Despite its success, the complexity of sample handling and bulky design have prevented FMS from being widely used in laboratories worldwide and also making synchrotrons sources shy away from installing it on macromolecular crystallography (MX) beamlines. Lately the developers of the device have also proved it can be used in combination with a heating laser. This gives rise to new alternate options to automate dehydration and new cryo-cooling methods, but no new crystal structures have as yet resulted from this sort of work (Kiefersauer et al. 2014). Dehydration Using the HC1 System

The humidity control dehydration device (HC1) was developed a few years after the FMS in order to address the factors limiting the wider use of this method by the community (Sanchez-Weatherby et al. 2009; Russi et al. 2011). The HC1 key difference is that, despite also being based on dew point, the delivery of humid airflow is achieved via a nozzle rather than a cooling block (Fig. 6.3c,f). The HC1 nozzle makes it unable to alter the temperature of the air around the sample but makes it very easy to install and use it in a standard academic laboratory with a home X-ray source or any MX synchrotron beamline. The low complexity of the device reduced the cost and simplified its maintenance making it better received by many academic laboratories and a large number of synchrotron beamlines around the world. To date nine devices are available at several world synchrotrons. The ESRF/EMBL/ILL operate two devices available across the MX beamlines. The Helmholtz-Zentrum Berlin (Mueller et al. 2012) and Max IV Laboratory (Ursby et al. 2013) operate the device installed in one of their MX branches. In the US, both APS (NE-CAT 24-ID-E) and the ALS (Berkeley Center for Structural Biology beamlines) have one each, the Canadian Light Source (Fodje et al. 2014) has one and Diamond Light Source in the UK has another two that can be both installed in any of the MX beamlines and also in a laboratory as an off-line setup.

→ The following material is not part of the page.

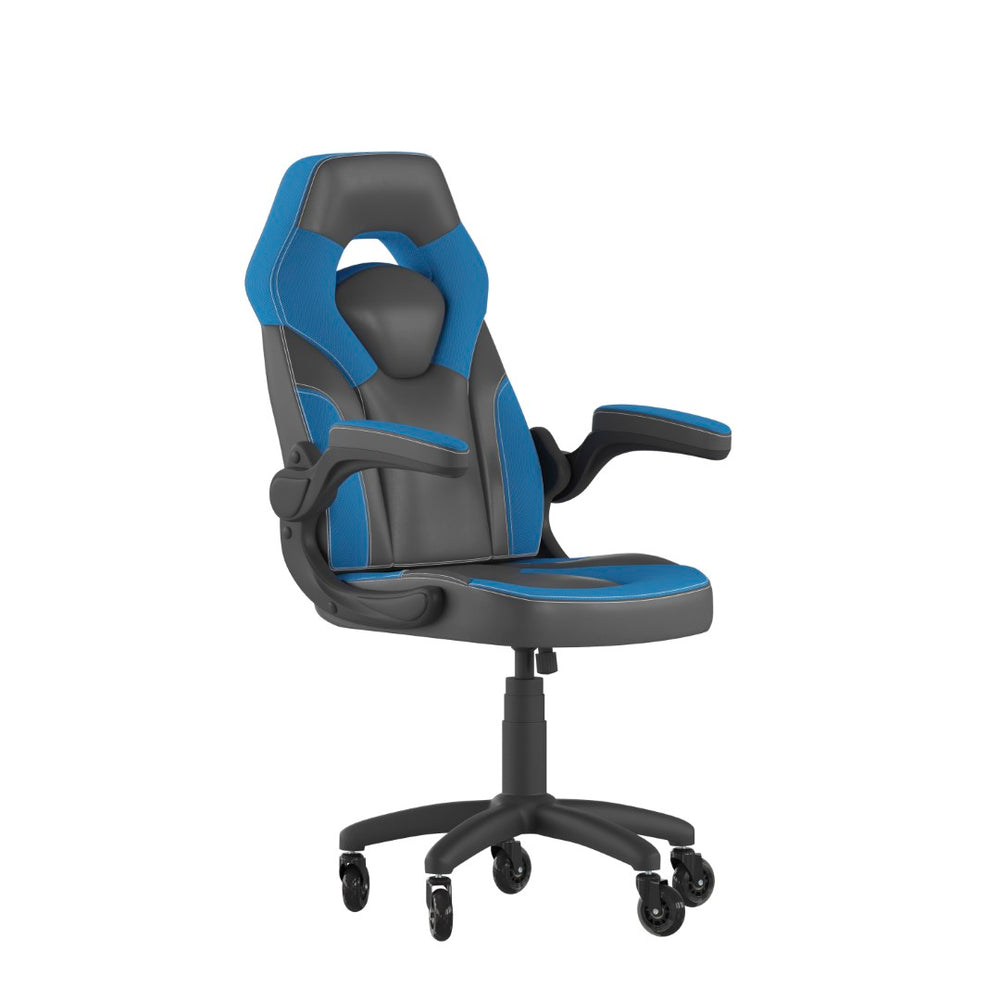 English Elm X10 Gaming Chair Ergonomic Racing Office Chair with Flip-Up Arms, Transparent Roller Wheels & Adjustable Height Blue CH-00095-BL-RLB-GG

Considerable efforts have been made at several of the synchrotrons in order to incorporate the HC1 within their hardware and software. For example, workflows within MxCuBE (Gabadinho et al. 2010) have been adapted to undertake dehydration experiments (Brockhauser et al. 2012) and the Diamond beamline software (GDA) now includes a bespoke data collection perspective solely dedicated at undertaking these sorts of experiments. This allows synchrotron users to be able to undertake a range of dehydration experiments as part of their normal beamtime allocation. In some synchrotron facilities (BM14 at the ESRF and I02, I03 and I04 at Diamond), installations also include rapid swapping between the use of the HC1 and the standard cryo-temperature allowing constant routine use without the local beamline support. Others (like MaxLab and BESSY) have opted for a more permanent installation (Mueller et al. 2012; Ursby et al. 2013).

Either in the laboratory or at the synchrotron beamline, any HC1 experiment requires the mounting of samples in the airflow at their starting Relative Humidity (RHi). The relative humidity is empirically determined by observing the behaviour of a droplet solution (crystallisation solution) under the humid airstream while varying the RH. Once the optimum humidity has been determined, crystal samples can be mounted using micromeshes (MiTeGen) so that any excess buffer can be removed by wicking. This makes the experiments more reproducible and ensures samples don’t move during the process.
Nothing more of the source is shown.